There is no need for multi-year ISO standardisation processes, and there is no need to have everything in the universe work the same way. We’re talking about tools that walk a simple graph structure, download some files, and put them somewhere on a disk, a process I could have done manually for the project I described before in about 10 minutes. A simple, consolidated version of the best tools we have today would already be sufficient to solve many real world problems, and it would provide a much better foundation for solving any harder problems later, and it would be in the interests of just about everyone to move to such a consolidated, standardised model.
The problem you cited before is supposed to be easy, but in practice, software development that uses 3rd-party software is destined to run into conflicts. You found portability issues, platform-dependent issues, environment/configuration issues, and multi-layer software dependency issues.
These all happen regularly when OS maintainers have to package software for release. They spend thousands of hours to resolve [by hand] each one in order to support the various use-cases of their end users. If you are imagining some automated process just magically makes all your software come together to build you a custom development environment, you are mistaken. It's all put together by humans, and only for the use cases that have been necessary so far.
So yes, all these things exist. In small, bespoke, use-case-specific solutions. What you're asking for - universal software management standardization - can't practically be achieved in more than one use case. This is why we are all constantly stuck in dependency hell, until a bug is filed, and the system is once again massaged into a working state by a human. Frustrating, sure. But it works most of the time.
I think it’s a stretch to call a tool like npm, which currently offers 90,000+ packages, a “small, bespoke, use-case-specific” solution. I’m also fairly sure most people publishing their code via npm’s index aren’t spending “thousands of hours” resolving conflicts with other packages by hand; certainly no-one is manually checking over 4 billion pairwise combinations of those packages to make sure they don’t conflict.
And yet npm remains a useful tool, and mostly it does what it should do: download a bunch of files and stick them somewhere on my disk. The same could be said for gem, pip, Bower, and no doubt many other similar tools. They just all do it a bit differently, which leads to a huge amount of duplicated effort for both the writers/maintainers and the users of these packages.
I’m not arguing for magic or for orders of magnitude more work to be done. I’m just arguing for the work that is mostly being done already to be co-ordinated and consolidated through standardisation. To some extent I’m also arguing for operating systems that include robust tools to navigate the modern software landscape as standard, mainly because installing things with tools like apt has an unfortunate way of assuming there should be one global copy of everything, which is frequently not the case for either development libraries or end user software on modern systems, and because if the OS doesn’t provide good universal package management tools then someone else will immediately invent new tools to fill the gaps and now we are back to having overlapping tools and redundancy again.

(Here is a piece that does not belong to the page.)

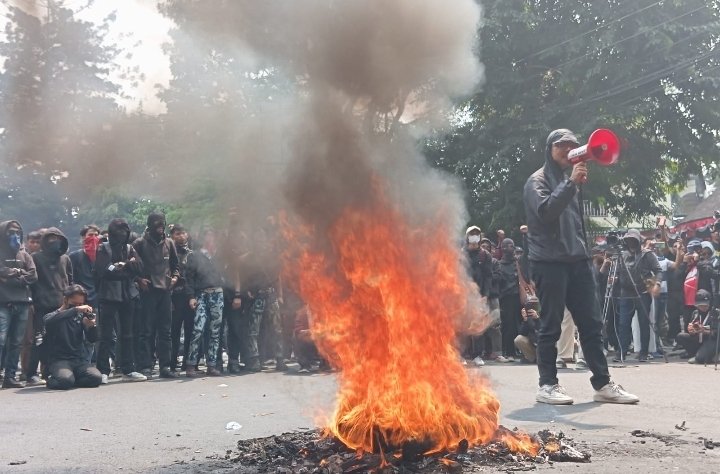 Aki Tolak Pengesahan RUU Pilkada di DPRD Jawa Barat Diwarnai Bakar Ban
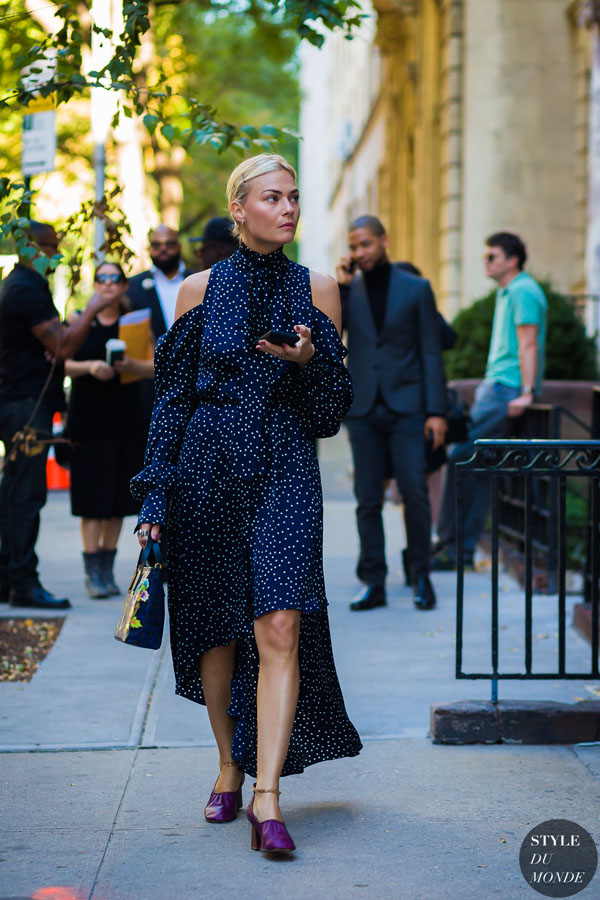 Họa tiết chấm bi đang amp;#34;sống dậyamp;#34; mạnh mẽ, mọi quý cô đều nên có trong tủ đồ - 10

Again, nothing you use works without it being designed specifically to work that way. You can't use Visual C++ to build software that was designed for Linux without writing portable abstractions and host targets for both platforms, and it definitely won't work on two different architectures without being designed for the endianess and memory width of each. It's bespoke because it's designed for each use case. It simply will not work on anything it wasn't designed for.
And no, it isn't code publishers that spend thousands of hours resolving broken and incompatible builds, it's release maintainers. Go look at bug lists for CentOS. Look at the test trees for CPAN. It is literally mind numbing how much shit breaks, but it makes total sense when you realize it's all 3rd party software which largely is not designed with each other in mind. Somebody is cleaning it all up to make it work for you, but it sure as shit ain't the software authors.

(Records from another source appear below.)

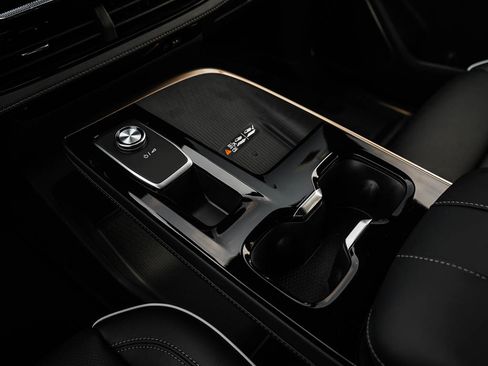 New 2026 Buick Enclave Avenir w/ LPO, Floor Liner Package image 29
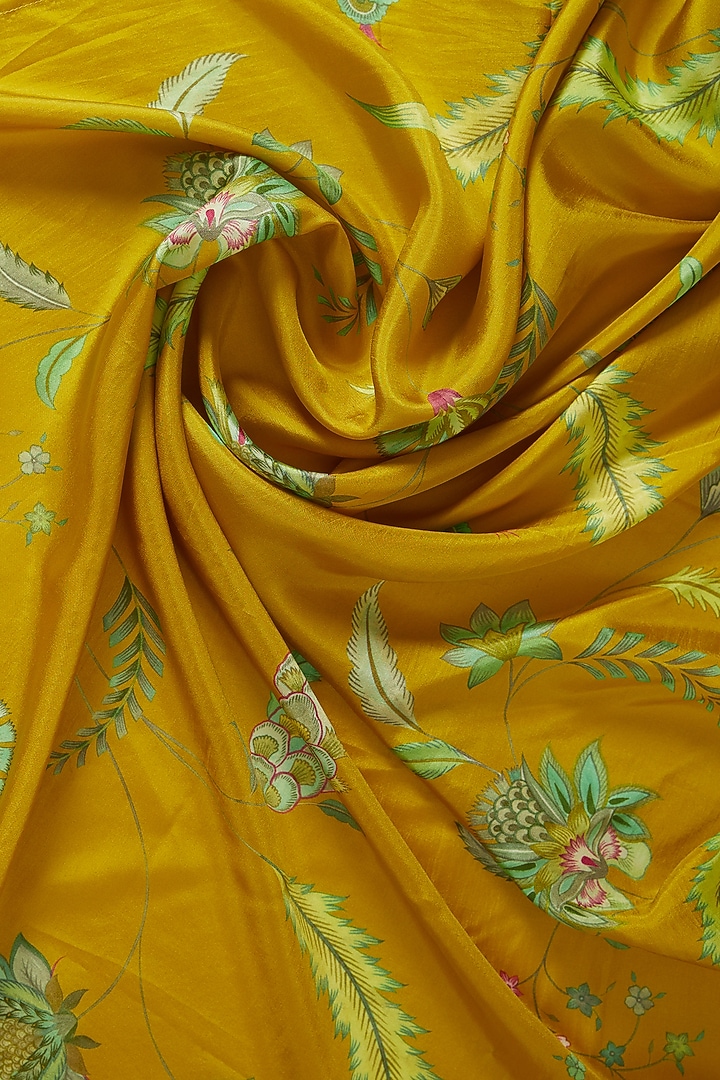 Lime Yellow Silk Organza Sequins Embroidered Wedding Saree Set by Raji Ramniq at Pernia's Pop Up Shop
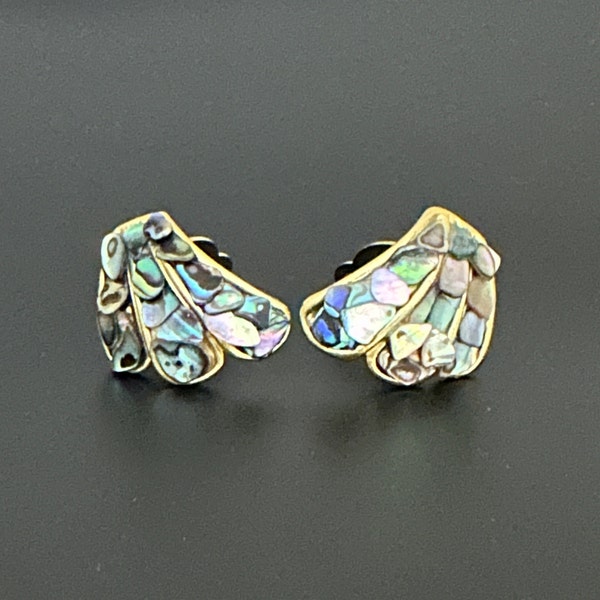 Mother-of-pearl sea waves clip earrings decorated with real mother-of-pearl, high-quality vintage clip earrings in designer quality, new condition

Once you develop enough things or maintain enough things you'll see how endlessly complex and difficult it all is. But suffice to say that the system we have now is simpler than the alternative you are proposing.

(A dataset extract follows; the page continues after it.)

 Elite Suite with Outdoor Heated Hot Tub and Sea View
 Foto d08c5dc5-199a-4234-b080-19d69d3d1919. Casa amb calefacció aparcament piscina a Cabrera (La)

You can't use Visual C++ to build software that was designed for Linux...
Sure you can. Projects of all scales do this all the time. Have you never heard C described as being portable assembly language?
Unless you are writing low-level, performance-sensitive code for something like an operating system or device driver, usually details like endianness matter only to the extent that they specify external protocols and file formats. I would argue that this sort of detail is normally best encoded/decoded explicitly at the outer layers of an application anyway.
Obviously if you rely on primitive types like int or long in C or C++ having a specific size or endianness, or if you assume that they will be equivalent to some specific external format, you’re probably going to have problems porting your code (and any package containing it) across some platforms.
However, that issue does not contradict what I proposed. It’s perfectly viable — indeed, it’s inevitable — to have packages that are only available on some platforms, or packages which depend on different things across platforms. That’s fine, as long as your packaging system doesn’t assume by default that the same thing works everywhere.
And no, it isn't code publishers that spend thousands of hours resolving broken and incompatible builds, it's release maintainers.
Who is the “release maintainer” who made those jQuery libraries I mentioned in my extended example above play nicely together?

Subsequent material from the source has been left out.